In Anbetracht dieses Gesamtfehlverhaltens des Beschwerdeführers und selbst unter Zugrundelegung der Beschwerdebehauptung, dass er in Österreich arbeite, begegnet die Ansicht der belangten Behörde, dass die Erlassung der Ausweisung auch unter Bedachtnahme auf seine persönlichen Interessen im Sinn des § 66 Abs. 1 FPG zulässig sei, keinem Einwand.

Im Übrigen kann - entgegen der Beschwerdeansicht - auch keine Rede davon sein, dass die belangte Behörde gegen ihre Ermittlungsverpflichtung verstoßen und den angefochtenen Bescheid mangelhaft begründet habe.

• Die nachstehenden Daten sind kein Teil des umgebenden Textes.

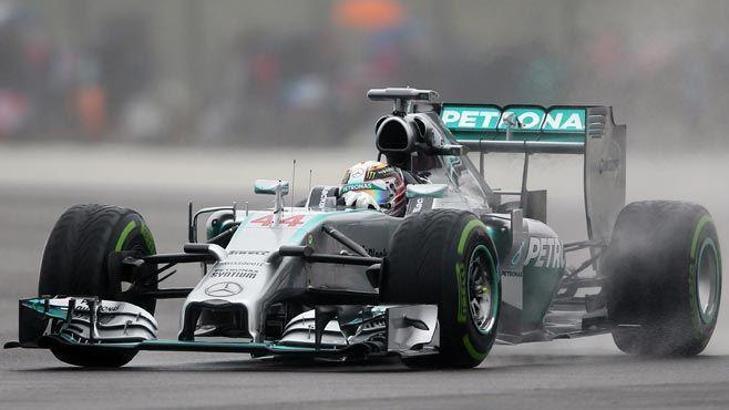 İngiltere'de ilk sıra Nico Rosberg'in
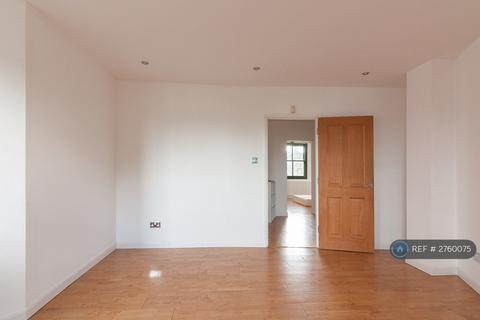 1 bedroom penthouse to rent, High Road Leytonstone, London, E11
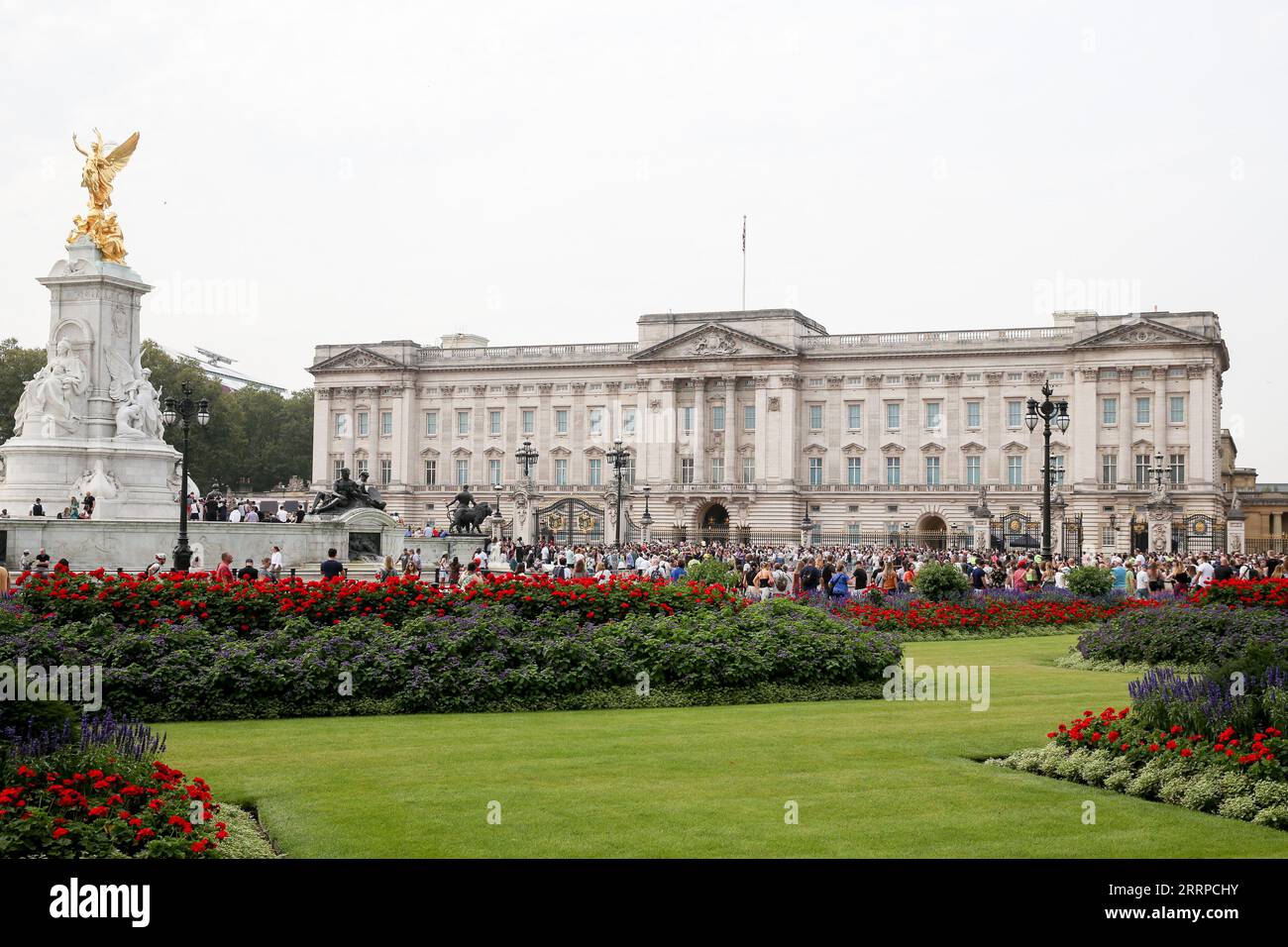 London, UK. 9th Sep, 2023. People gather for the changing of the guard outside Buckingham Palace on the first anniversary of Britain's Queen Elizabeth II's death, in London, Britain, Sept. 8, 2023. Credit: Xinhua/Alamy Live News Stock Photo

3. Da somit bereits der Beschwerdeinhalt erkennen lässt, dass die behauptete Rechtsverletzung nicht vorliegt, war die Beschwerde gemäß § 35 Abs. 1 VwGG ohne weiteres Verfahren in nichtöffentlicher Sitzung als unbegründet abzuweisen.

4. Bei diesem Ergebnis erübrigte sich ein Abspruch über den mit der Beschwerde verbundenen Antrag, dieser aufschiebende Wirkung zuzuerkennen.